SUPPLIED RECORDS Block Start
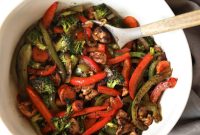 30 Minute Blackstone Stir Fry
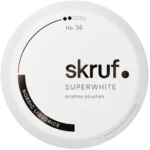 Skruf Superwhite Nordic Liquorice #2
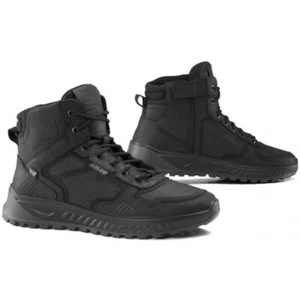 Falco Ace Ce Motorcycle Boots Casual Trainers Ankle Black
SUPPLIED RECORDS Block End
SUPPLIED RECORDS Block Start
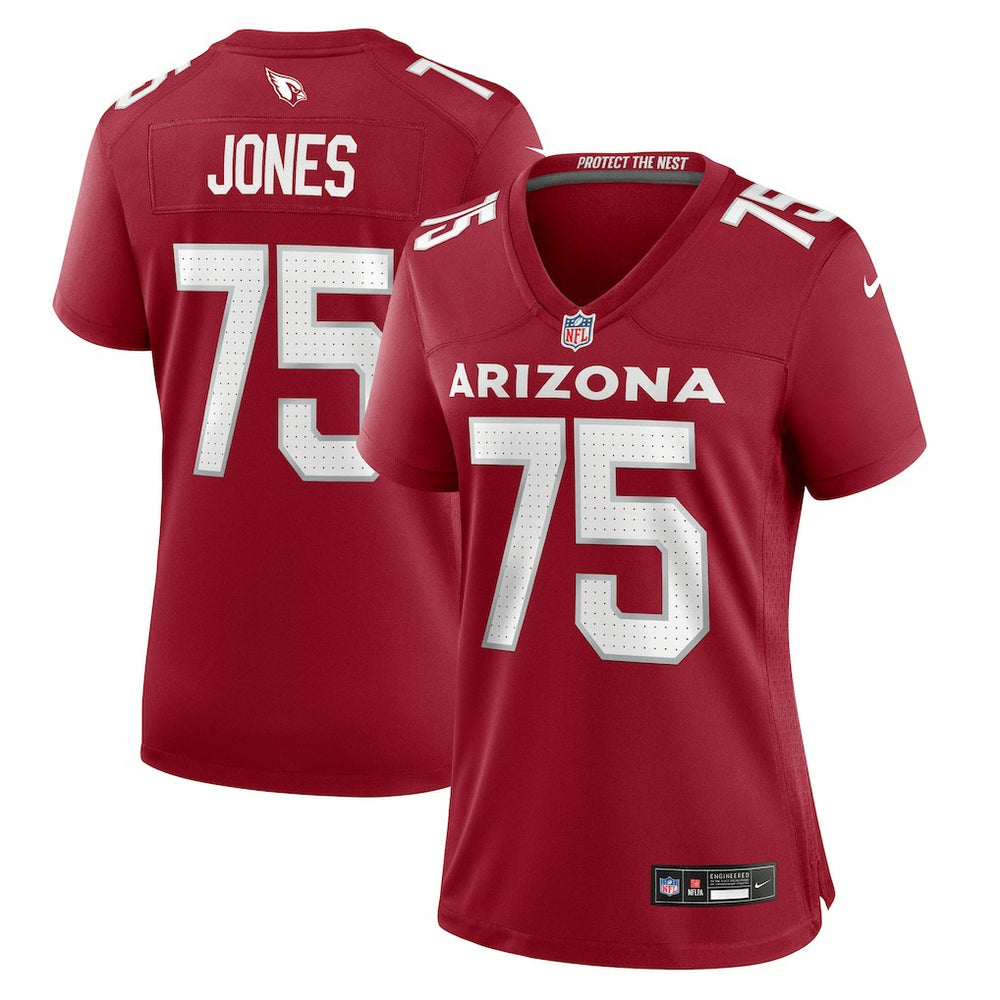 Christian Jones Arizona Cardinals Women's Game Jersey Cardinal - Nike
SUPPLIED RECORDS Block End
— TASK BRIEF —
Without the pictures, set down the lines above from the line with "30 Minute Blackstone Stir Fry" up to and including the line with "Falco Ace Ce" exactly as they stand.

— WRITTEN SOLUTION —
 30 Minute Blackstone Stir Fry
 Skruf Superwhite Nordic Liquorice #2
 Falco Ace Ce Motorcycle Boots Casual Trainers Ankle Black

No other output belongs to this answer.